Tribunal Administratif de Nantes — Décision N° TA44-2416444

vendredi 21 février 2025

JuridictionTribunal Administratif de Nantes
SectionTribunal Administratif de Nantes
N° DossierTA44-2416444
TypeOrdonnance
RecoursExcès de pouvoir

Résumé IA

Rejet d'une demande de naturalisation. Le Tribunal Administratif de Nantes a rejeté la requête de M. A comme manifestement irrecevable. Le requérant avait saisi directement le tribunal contre la décision préfectorale, sans avoir au préalable exercé le recours administratif obligatoire auprès du ministre, conformément au décret n° 93-1362 du 30 décembre 1993. Malgré une demande de régularisation, M. A n'a pas justifié de ce recours préalable dans le délai imparti.

Texte intégral

Vu la procédure suivante :

Par une requête intitulée " demande de recours gracieux ", enregistrée le 23 octobre 2024, M. B A doit être regardé comme demandant au tribunal d'annuler la décision du 12 septembre 2024 par laquelle sa demande de naturalisation a été rejetée.

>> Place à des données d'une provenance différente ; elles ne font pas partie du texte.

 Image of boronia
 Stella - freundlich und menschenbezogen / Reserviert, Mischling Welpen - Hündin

Vu les autres pièces du dossier.

Vu :

- le décret n° 93-1362 du 30 décembre 1993 ;

- le code de justice administrative.

Considérant ce qui suit :

1. Aux termes de l'article R. 222-1 du code de justice administrative : " Les présidents de () formation de jugement des tribunaux () peuvent, par ordonnance : / () / 4° Rejeter les requêtes manifestement irrecevables, lorsque la juridiction n'est pas tenue d'inviter leur auteur à les régulariser ou qu'elles n'ont pas été régularisées à l'expiration du délai imparti par une demande en ce sens () ".

2. En vertu de l'article 45 du décret du 30 décembre 1993 susvisé, la décision déclarant irrecevable, ajournant ou rejetant une demande de naturalisation peut faire l'objet, dans les deux mois suivant sa notification, d'un recours auprès du ministre chargé des naturalisations. Aux termes du deuxième alinéa de cet article, ce recours " constitue un préalable obligatoire à l'exercice d'un recours contentieux, à peine d'irrecevabilité de ce dernier ". Il s'ensuit que le tribunal administratif de Nantes ne peut être saisi directement de la décision du préfet mais seulement de la décision du ministre de l'intérieur statuant sur le recours formé contre la décision préfectorale.

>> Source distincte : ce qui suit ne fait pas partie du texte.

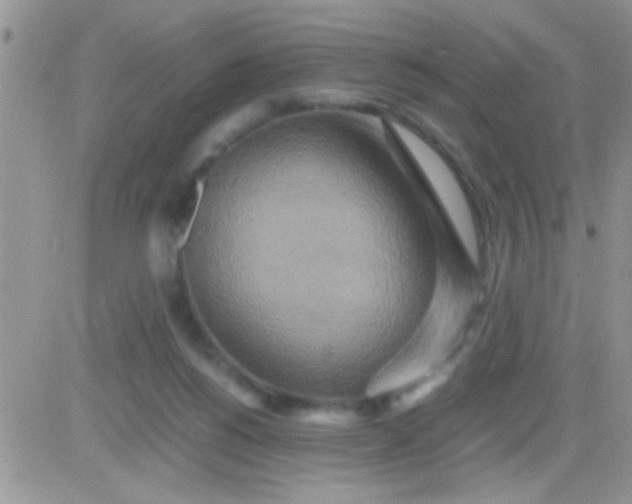 X0000081370168200701252023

3. La requête déposée par M. A n'était pas accompagnée de la copie de la décision du ministre de l'intérieur statuant sur son recours administratif préalable ni de la pièce justifiant du dépôt d'un tel recours. Il ressort des pièces du dossier que la demande de régularisation, adressée par lettre recommandée avec demande d'avis de réception, a été régulièrement présentée le 26 octobre 2024 à l'adresse indiquée par M. A, et retournée au tribunal à l'expiration du délai de conservation prévu par la réglementation postale avec la mention " pli avisé et non réclamé ". Dès lors que l'intéressé a été avisé et n'est pas allé retirer le pli dans le délai fixé par la réglementation postale, la notification doit être réputée avoir été régulièrement effectuée à la date de sa présentation. Ainsi, M. A n'a pas, à l'expiration du délai de trente jours qui lui était imparti, justifié avoir exercé, à l'encontre de la décision statuant sur sa demande de naturalisation, le recours administratif préalable obligatoire. Ainsi, cette requête, qui n'a pas été régularisée, est entachée d'une irrecevabilité manifeste et ne peut qu'être rejetée.

O R D O N N E :

Article 1er : La requête de M. A est rejetée.

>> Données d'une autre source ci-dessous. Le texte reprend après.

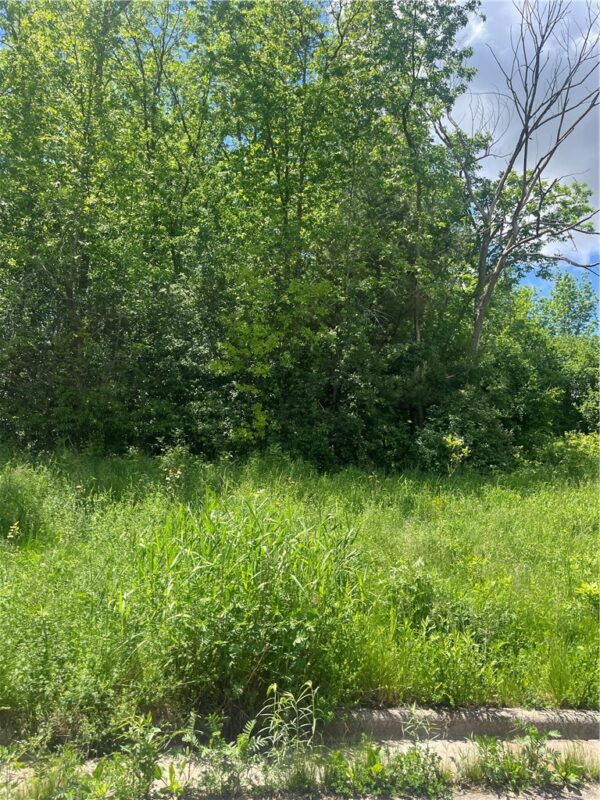 950 Emerald Court, Rice Lake, WI — photo 7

Article 2 : La présente ordonnance sera notifiée à M. B A.

Fait à Nantes, le 21 février 2025.

Le président,

L. MARTIN

La République mande et ordonne au ministre d'Etat, ministre de l'intérieur en ce qui le concerne ou à tous commissaires de justice à ce requis en ce qui concerne les voies de droit commun contre les parties privées, de pourvoir à l'exécution de la présente décision.